This Java sample shows how you would perform a multi-shard query.

import java.sql.Connection;
import java.util.Properties;
import java.util.List;
 
// SODA specific imports
import oracle.soda.rdbms.OracleRDBMSClient;
import oracle.soda.OracleDatabase;
import oracle.soda.OracleCursor;
import oracle.soda.OracleCollection;
import oracle.soda.OracleDocument;
import oracle.soda.OracleException;
 
// Sharding and UCP imports
import oracle.jdbc.OracleShardingKey;
import oracle.jdbc.OracleType;
import oracle.jdbc.pool.OracleDataSource;
import oracle.ucp.jdbc.PoolDataSourceFactory;
import oracle.ucp.jdbc.PoolDataSource;
 
 
/*
* The sample demonstrates connecting to a Sharded Database using
* Oracle JDBC driver and UCP as a client side connection pool.
*/
public class QuickQueryCat {
 
 public static void main(String args[]) throws Exception {
 
// TNS_ADMIN - Should be the path where the tnsnames.ora file resides
// dbshard_rw - It is the TNS alias present in tnsnames.ora.
// This connection is to the shard director using the catalog service name.
final String DB_URL="jdbc:oracle:thin:@dbcat?TNS_ADMIN=/home/opc/dbhome/";
 
// Update the Database Username and Password to the Shard User
final String DB_USER = "app_schema";
String DB_PASSWORD = "<user_password>" ;
 
 
// Get the PoolDataSource for UCP
PoolDataSource pds = PoolDataSourceFactory.getPoolDataSource();
 
// Set the connection factory first before all other properties
pds.setConnectionFactoryClassName(OracleDataSource.class.getName());
pds.setURL(DB_URL);
pds.setUser(DB_USER);
pds.setPassword(DB_PASSWORD);
pds.setConnectionPoolName("JDBC_UCP_POOL");
 
// Now we get a direct connection to the shard catalog
System.out.println("Initiating UCP and Creating Connection...");
Connection conn = pds.getConnection();
 
// Enable the SODA Shared Metadata cache
Properties props = new Properties();
props.put("oracle.soda.sharedMetadataCache", "true");
OracleRDBMSClient cl = new OracleRDBMSClient(props);
 
// Get a DB Connection
OracleDatabase db = cl.getDatabase(conn);
 
// Print all the Collections in this DB
List<String> names =  db.admin().getCollectionNames();
for (String name : names)
 System.out.println ("Collection name: " + name);
 
// Open up the CUSTOMERS Collection
OracleCollection col = db.openCollection("CUSTOMERS");
 
// Do a search across ALL Shards. In this case all users named Matilda
// Setup the specification and open a cursor
OracleDocument filterSpec = db.createDocumentFromString("{ \"name\" : \"Matilda\"}");
 
OracleCursor c = col.find().filter(filterSpec).getCursor();
 
// Print the results of the query
while (c.hasNext()) {
  OracleDocument resultDoc = c.next();
 
  // Print the document key and document content
  System.out.println ("Document key: " + resultDoc.getKey() + "\n" +
                        " document content: " + resultDoc.getContentAsString());
}
 
// Close the cursor
c.close();
 
// Here, we could initiate another multi-shard query if desired
 
// We are done, so close the connection
conn.close();
 
 
 }} // End of QuickQueryCat

Python Code Sample

This Python sample shows how you can actually work with JSON objects using SODA in a sharded database environment.

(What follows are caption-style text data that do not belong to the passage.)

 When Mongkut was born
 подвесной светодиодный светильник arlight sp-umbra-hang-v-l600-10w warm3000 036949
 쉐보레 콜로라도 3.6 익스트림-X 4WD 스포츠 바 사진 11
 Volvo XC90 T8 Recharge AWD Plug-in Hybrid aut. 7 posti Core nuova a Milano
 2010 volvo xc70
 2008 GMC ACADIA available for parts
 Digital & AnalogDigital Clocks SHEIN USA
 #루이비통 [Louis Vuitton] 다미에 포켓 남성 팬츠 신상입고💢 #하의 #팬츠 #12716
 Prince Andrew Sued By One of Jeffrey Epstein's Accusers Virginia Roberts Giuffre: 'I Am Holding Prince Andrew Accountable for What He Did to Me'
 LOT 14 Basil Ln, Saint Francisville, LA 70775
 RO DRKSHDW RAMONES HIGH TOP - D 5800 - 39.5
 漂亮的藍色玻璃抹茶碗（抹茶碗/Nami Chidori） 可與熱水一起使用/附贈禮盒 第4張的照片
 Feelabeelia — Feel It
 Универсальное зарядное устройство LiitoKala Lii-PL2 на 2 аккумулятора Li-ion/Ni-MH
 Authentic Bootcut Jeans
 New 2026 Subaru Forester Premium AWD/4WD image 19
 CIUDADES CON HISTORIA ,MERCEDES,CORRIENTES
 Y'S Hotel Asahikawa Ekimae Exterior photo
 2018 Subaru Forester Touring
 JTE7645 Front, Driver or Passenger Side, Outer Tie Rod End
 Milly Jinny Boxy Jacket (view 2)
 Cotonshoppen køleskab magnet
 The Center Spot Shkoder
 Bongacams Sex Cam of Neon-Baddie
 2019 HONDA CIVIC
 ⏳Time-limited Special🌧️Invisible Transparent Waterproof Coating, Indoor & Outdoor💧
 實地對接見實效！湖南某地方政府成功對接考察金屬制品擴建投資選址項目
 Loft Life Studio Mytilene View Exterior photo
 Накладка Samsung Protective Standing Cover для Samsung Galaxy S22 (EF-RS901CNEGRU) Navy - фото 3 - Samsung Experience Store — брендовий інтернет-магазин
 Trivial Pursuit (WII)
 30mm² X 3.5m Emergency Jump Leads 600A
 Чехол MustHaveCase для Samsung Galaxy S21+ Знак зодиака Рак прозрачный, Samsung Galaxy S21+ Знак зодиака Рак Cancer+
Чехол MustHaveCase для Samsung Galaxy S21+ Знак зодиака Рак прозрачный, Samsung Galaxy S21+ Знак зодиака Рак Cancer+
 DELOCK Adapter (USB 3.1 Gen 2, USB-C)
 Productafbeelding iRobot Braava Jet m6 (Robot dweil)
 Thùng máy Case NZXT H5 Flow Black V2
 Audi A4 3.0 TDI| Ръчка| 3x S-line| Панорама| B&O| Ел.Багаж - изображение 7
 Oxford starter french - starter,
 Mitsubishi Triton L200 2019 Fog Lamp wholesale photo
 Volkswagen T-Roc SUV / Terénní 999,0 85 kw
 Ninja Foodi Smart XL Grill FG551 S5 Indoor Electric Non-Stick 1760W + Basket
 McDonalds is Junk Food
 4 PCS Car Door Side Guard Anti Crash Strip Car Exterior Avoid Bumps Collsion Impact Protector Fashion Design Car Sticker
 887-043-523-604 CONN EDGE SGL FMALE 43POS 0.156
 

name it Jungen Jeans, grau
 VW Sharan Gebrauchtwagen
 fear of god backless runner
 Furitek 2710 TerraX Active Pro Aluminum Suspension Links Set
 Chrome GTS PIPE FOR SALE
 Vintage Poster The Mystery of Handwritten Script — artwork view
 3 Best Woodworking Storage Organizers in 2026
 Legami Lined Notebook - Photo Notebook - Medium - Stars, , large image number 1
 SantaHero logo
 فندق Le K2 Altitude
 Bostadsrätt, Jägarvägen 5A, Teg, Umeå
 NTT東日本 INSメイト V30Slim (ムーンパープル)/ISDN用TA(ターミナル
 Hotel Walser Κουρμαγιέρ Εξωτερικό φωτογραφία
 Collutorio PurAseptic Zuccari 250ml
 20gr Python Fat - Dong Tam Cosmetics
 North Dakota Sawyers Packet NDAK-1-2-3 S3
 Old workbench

To use this sample code in your environment, follow the instructions to install the cx_Oracle module for Python: https://cx-oracle.readthedocs.io/en/latest/user_guide/installation.html

This example shows how to connect to a shard using the sharding key and insert a new document.

Note that when using SODA in a sharded database environment, new documents should be created by connecting to specific shards and not using the shard catalog.

# import the cx_Oracle module for Python
import cx_Oracle

# Create a connection pool that will be used for connecting to all shards
# The components of the dsn are hostname (shard director),
# port (usually 1522), global service (created with GDSCTL)
# The pool is then created and SODA metadata caching is enabled.
dsn=cx_Oracle.makedsn("shard_director_host",1522,service_name="service_name")
pool=cx_Oracle.SessionPool("app_schema","password",dsn, soda_metadata_cache=True)

# Connect to a specific shard by using the sharding key, which in this example is
# set explicitly with "sodaid", but this might be passed in or part of a loop 
# You must know beforehand if you are creating or working with a document for a specific Customer
# 
sodaid="2468"
connection=pool.acquire(shardingkey=[sodaid])

# Set autocommit and open the CUSTOMERS collection
connection.autocommit = True
soda = connection.getSodaDatabase()
collection = soda.openCollection("CUSTOMERS")

# Insert a document
# Because you are specifying the shard key, you must pass that in with the document (key=custid)
# The value can be a UUID for example but it need not have any relation to the JSON Content.

content = {'name': 'Matilda', 'State': 'CA', 'ZIP':'94065'}
idcontent=soda.createDocument(content, key=sodaid)
doc = collection.insertOneAndGet(idcontent)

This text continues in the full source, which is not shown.